Nel momento in cui ti presenterai alla DTL, dovrai avere con te i seguenti documenti:
- carta d’identità
- codice fiscale
- ultima busta paga
- copia del contratto di lavoro
In particolare, per quanto riguarda quest’ultimo, la copia è fondamentale per sapere in quale CCNL (Contratto collettivo nazionale di lavoro) è stato inserito e gli orari della tua attività lavorativa.
Lettera di dimissioni in maternità
Alla DTL pertanto dovrai presentare una lettera di dimissioni in cui dovrai indicare:
- di che dimensioni è l’azienda per cui lavori (ossia quanti dipendenti, grosso modo)
- in che settore opera
- perché ti stai dimettendo (ossia quali sono le tue motivazioni).
Se lo fai perché hai chiesto il part-time e non ti è stato concesso, perché vuoi dedicarti a tuo figlio (questo ovviamente quando è già nato), perché l’azienda si è trasferita in una sede più lontana, fosse anche momentanea ecc..
Il preavviso
A differenza di tutte le altre dimissioni volontarie, per quelle di maternità, entro il primo anno di vita del bambino, non è previsto alcun preavviso da rispettare.
Questo significa che potrai restare a casa dal giorno successivo alla convalida delle dimissioni. Il tuo datore di lavoro comunque sarà tenuto a pagarti l’indennità di preavviso e insieme a questa riceverai ferie e permessi non goduti e TFR (trattamento di fine rapporto).
La Naspi per le dimissioni in maternità
Se ti dimetti entro il primo anno di vita del bambino (quando appunto tutte le tutele sono rafforzate) avrai anche diritto alla Naspi, purché tu possa far valere almeno 13 settimane di contributi nel quadriennio ed almeno 30 giornate di lavoro effettivo nell’anno precedente).
Al pari però degli altri disoccupati, dovrai impegnarti attivamente per la ricerca di una nuova occupazione pertanto rendere la dichiarazione di immediata disponibilità a un nuovo lavoro, presentarti al centro per l’impiego per la sottoscrizione del patto di servizio e rispettare tutti gli obblighi previsti.
Consigli
Anche se entro il primo anno di vita di tuo figlio hai diverse tutele (allo stesso modo, infatti, non puoi essere licenziata in questo periodo), il nostro consiglio è di fare bene le tue valutazioni.
Magari la maternità non è semplice e questo non aiuta il tuo lavoro o magari la stessa esperienza del parto non è andata come voleva, in ogni caso, dal punto di vista della retribuzione, fino a quando nasce il bambino e anche subito dopo, con le varie differenze retributive, sei coperta dall’indennità di maternità.

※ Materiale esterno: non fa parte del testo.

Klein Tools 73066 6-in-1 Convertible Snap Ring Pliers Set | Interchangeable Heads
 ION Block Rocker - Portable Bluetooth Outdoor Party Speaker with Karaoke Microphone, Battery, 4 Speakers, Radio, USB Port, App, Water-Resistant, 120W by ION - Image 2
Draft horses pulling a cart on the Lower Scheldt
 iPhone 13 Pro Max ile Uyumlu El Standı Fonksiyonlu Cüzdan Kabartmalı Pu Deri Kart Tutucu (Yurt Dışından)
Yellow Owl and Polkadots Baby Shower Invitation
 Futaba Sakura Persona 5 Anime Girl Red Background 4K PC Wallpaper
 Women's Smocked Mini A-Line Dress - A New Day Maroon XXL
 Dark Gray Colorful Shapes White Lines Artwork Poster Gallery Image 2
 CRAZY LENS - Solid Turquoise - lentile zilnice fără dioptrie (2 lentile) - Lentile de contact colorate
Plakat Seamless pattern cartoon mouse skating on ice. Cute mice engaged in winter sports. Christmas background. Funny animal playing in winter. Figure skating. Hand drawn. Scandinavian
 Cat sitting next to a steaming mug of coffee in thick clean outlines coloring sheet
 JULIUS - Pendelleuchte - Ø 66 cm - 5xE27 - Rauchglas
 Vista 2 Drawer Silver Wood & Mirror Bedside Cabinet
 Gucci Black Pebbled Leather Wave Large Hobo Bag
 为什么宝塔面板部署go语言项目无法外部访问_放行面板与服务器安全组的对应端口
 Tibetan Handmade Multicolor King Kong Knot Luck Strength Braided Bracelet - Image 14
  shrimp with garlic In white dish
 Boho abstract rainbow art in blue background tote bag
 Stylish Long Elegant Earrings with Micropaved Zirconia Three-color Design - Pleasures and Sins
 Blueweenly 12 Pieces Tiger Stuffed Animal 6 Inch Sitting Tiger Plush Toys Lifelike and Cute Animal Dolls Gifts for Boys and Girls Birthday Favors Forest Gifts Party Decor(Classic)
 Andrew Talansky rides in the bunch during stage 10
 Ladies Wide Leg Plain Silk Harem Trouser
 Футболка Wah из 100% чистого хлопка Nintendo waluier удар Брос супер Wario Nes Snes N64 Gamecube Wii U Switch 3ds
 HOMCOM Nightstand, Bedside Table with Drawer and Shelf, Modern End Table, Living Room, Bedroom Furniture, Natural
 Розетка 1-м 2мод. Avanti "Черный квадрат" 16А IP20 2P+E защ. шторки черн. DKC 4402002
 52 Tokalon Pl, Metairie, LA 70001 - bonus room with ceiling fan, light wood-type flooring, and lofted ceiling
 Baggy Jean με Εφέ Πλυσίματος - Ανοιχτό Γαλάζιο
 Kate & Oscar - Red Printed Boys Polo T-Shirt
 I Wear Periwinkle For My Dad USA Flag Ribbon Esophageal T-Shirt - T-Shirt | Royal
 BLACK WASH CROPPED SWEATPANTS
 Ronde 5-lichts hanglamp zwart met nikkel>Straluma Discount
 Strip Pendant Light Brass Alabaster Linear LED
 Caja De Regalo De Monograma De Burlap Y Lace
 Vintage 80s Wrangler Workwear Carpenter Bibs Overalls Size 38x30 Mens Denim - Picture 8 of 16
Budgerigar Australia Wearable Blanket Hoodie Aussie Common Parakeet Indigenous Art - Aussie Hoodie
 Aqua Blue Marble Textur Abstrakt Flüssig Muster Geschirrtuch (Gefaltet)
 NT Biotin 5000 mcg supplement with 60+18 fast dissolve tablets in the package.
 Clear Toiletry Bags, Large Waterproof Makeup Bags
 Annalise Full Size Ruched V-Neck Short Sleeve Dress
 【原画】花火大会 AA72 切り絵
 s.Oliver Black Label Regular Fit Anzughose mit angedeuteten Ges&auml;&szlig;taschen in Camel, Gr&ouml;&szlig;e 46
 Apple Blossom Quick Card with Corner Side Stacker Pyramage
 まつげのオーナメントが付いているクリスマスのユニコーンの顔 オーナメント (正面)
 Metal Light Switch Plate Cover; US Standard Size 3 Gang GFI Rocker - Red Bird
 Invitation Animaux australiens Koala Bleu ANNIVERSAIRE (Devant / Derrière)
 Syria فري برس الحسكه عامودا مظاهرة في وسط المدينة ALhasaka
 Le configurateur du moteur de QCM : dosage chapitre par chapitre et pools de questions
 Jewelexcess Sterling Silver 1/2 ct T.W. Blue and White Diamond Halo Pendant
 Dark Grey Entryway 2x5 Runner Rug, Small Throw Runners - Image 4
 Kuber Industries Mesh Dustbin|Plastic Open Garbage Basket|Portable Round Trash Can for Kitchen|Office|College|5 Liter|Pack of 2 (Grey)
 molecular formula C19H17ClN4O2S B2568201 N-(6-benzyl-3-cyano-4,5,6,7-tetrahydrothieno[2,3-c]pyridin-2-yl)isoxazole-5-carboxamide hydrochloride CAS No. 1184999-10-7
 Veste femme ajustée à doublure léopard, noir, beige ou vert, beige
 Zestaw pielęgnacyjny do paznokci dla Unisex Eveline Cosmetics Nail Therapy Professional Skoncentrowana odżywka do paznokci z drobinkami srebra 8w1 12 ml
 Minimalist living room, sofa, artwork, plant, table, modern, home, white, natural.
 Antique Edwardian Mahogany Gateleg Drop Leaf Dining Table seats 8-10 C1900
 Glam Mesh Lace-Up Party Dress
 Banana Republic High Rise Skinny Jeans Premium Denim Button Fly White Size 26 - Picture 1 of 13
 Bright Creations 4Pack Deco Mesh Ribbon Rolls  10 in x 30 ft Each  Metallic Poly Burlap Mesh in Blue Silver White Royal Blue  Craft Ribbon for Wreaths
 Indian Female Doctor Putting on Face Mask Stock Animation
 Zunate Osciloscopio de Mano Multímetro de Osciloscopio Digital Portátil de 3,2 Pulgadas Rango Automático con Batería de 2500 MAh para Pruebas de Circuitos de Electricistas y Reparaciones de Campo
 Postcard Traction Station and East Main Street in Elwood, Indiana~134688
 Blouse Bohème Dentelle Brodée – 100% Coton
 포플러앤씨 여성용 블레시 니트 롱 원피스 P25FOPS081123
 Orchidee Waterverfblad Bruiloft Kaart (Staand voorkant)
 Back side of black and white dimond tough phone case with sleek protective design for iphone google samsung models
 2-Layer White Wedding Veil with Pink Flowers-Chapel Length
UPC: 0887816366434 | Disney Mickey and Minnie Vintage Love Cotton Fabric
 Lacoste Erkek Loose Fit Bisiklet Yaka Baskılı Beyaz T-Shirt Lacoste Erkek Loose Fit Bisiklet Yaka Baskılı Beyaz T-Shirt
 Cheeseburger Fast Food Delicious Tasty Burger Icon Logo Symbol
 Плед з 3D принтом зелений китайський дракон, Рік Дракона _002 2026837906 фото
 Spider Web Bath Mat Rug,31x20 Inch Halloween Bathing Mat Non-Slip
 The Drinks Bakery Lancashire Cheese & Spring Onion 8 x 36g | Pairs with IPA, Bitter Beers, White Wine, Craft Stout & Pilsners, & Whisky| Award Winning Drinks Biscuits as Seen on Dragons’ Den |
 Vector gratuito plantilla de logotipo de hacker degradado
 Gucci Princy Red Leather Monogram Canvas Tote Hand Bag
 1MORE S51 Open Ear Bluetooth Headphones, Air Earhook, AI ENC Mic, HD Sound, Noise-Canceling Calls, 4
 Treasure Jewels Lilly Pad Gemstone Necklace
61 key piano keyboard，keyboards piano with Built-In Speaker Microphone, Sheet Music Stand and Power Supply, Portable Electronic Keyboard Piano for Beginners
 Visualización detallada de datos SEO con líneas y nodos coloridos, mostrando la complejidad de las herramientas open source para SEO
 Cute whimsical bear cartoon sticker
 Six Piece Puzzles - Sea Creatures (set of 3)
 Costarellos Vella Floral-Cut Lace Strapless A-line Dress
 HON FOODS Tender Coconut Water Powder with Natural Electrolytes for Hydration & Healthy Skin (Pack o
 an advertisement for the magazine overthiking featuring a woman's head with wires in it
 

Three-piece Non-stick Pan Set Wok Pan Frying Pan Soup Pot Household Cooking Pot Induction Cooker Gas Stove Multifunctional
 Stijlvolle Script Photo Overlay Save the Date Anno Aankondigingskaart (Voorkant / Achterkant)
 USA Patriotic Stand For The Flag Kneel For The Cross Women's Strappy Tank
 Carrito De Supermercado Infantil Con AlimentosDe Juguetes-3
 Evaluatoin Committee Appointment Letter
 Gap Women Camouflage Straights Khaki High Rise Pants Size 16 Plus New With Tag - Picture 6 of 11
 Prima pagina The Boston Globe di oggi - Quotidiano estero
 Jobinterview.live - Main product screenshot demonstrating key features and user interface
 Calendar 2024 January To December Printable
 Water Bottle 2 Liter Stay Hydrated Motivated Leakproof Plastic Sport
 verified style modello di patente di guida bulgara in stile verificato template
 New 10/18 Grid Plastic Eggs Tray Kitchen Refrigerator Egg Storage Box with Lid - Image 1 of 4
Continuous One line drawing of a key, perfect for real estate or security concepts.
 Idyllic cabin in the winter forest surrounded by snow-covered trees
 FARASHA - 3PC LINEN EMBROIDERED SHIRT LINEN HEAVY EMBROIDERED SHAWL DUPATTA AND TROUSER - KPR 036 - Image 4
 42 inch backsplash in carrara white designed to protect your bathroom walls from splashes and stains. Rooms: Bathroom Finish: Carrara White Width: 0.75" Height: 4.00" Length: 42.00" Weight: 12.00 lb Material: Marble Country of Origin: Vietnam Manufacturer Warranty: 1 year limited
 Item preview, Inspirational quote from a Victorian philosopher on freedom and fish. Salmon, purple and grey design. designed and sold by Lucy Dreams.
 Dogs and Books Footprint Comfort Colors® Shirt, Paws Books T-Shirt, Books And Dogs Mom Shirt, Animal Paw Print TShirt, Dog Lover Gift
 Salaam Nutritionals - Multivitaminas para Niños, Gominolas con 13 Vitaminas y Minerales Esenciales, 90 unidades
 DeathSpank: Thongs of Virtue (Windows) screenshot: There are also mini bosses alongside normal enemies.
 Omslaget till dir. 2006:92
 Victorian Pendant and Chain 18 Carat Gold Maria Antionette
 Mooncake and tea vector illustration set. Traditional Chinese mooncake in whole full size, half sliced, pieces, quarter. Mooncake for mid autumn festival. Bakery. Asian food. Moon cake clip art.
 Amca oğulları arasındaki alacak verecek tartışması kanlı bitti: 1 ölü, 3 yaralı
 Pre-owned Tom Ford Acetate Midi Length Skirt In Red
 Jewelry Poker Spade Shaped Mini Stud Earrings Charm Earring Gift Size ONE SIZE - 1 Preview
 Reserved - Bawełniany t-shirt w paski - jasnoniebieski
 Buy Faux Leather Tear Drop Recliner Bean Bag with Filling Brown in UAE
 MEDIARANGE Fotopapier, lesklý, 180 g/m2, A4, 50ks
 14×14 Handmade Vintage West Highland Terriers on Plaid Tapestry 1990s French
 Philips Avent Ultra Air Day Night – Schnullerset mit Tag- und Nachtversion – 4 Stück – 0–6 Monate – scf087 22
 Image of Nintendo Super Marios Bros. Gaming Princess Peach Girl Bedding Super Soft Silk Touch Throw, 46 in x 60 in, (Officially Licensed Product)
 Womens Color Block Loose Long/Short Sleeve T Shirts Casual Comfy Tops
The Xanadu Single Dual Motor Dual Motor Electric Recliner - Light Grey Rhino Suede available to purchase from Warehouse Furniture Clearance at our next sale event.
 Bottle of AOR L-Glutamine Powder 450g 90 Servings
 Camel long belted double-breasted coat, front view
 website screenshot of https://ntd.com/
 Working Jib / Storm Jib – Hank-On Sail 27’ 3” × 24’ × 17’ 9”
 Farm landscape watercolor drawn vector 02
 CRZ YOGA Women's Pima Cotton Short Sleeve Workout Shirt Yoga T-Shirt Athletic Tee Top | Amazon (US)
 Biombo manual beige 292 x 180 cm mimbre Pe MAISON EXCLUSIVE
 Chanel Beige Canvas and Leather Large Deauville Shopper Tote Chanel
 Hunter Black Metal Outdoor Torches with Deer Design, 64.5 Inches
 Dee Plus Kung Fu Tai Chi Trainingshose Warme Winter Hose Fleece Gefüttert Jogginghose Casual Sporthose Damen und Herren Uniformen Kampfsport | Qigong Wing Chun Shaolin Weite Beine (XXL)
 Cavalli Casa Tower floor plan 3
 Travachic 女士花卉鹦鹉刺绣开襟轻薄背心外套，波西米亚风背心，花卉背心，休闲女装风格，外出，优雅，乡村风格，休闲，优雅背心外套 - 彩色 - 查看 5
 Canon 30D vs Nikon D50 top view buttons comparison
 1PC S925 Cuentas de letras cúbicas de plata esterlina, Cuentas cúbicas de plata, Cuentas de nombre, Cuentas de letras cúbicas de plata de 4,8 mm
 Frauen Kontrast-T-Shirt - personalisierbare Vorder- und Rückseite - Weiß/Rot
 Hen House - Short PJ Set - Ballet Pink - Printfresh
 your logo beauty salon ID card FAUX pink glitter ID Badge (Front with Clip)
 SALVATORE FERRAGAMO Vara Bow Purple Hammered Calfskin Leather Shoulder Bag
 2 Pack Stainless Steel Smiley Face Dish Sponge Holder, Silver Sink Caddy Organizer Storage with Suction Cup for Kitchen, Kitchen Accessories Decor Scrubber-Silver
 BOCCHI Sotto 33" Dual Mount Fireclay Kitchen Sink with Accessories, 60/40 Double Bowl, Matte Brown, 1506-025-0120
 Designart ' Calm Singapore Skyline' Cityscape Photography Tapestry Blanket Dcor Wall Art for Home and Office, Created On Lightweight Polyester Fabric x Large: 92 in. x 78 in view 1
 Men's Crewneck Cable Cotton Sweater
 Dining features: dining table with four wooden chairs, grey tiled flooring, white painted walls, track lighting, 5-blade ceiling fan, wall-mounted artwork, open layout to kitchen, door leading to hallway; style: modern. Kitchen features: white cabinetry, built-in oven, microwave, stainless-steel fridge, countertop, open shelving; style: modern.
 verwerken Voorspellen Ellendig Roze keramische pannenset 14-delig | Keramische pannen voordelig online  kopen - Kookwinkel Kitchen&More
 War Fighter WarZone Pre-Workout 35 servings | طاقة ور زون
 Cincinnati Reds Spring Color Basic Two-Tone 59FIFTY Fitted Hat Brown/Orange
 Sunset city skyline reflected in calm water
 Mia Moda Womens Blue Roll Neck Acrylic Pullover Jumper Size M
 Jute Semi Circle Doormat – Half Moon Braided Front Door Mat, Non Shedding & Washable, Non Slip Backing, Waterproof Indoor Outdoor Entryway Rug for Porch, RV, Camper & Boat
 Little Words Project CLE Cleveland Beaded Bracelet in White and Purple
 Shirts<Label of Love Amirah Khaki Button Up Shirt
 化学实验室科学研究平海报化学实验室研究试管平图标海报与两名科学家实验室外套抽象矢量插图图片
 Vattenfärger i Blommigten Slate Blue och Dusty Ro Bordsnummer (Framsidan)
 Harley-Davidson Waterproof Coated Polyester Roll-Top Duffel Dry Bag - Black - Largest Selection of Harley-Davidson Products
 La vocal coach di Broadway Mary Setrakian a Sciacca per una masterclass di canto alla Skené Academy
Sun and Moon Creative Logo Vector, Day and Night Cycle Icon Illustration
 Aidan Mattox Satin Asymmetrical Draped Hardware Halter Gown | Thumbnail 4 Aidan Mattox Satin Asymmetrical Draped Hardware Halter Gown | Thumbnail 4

E comunque, questo periodo lontano ti potrebbe aiutare a vedere le cose da un’altra prospettiva. Se però pensi che non ce la fai più, che la situazione è insostenibile, ricorrere alle dimissioni in maternità potrebbe essere per te sia l’occasione per stare più vicino a tuo figlio che di ripensare alla carriera lavorativa e nel frattempo avere il sostegno dello Stato.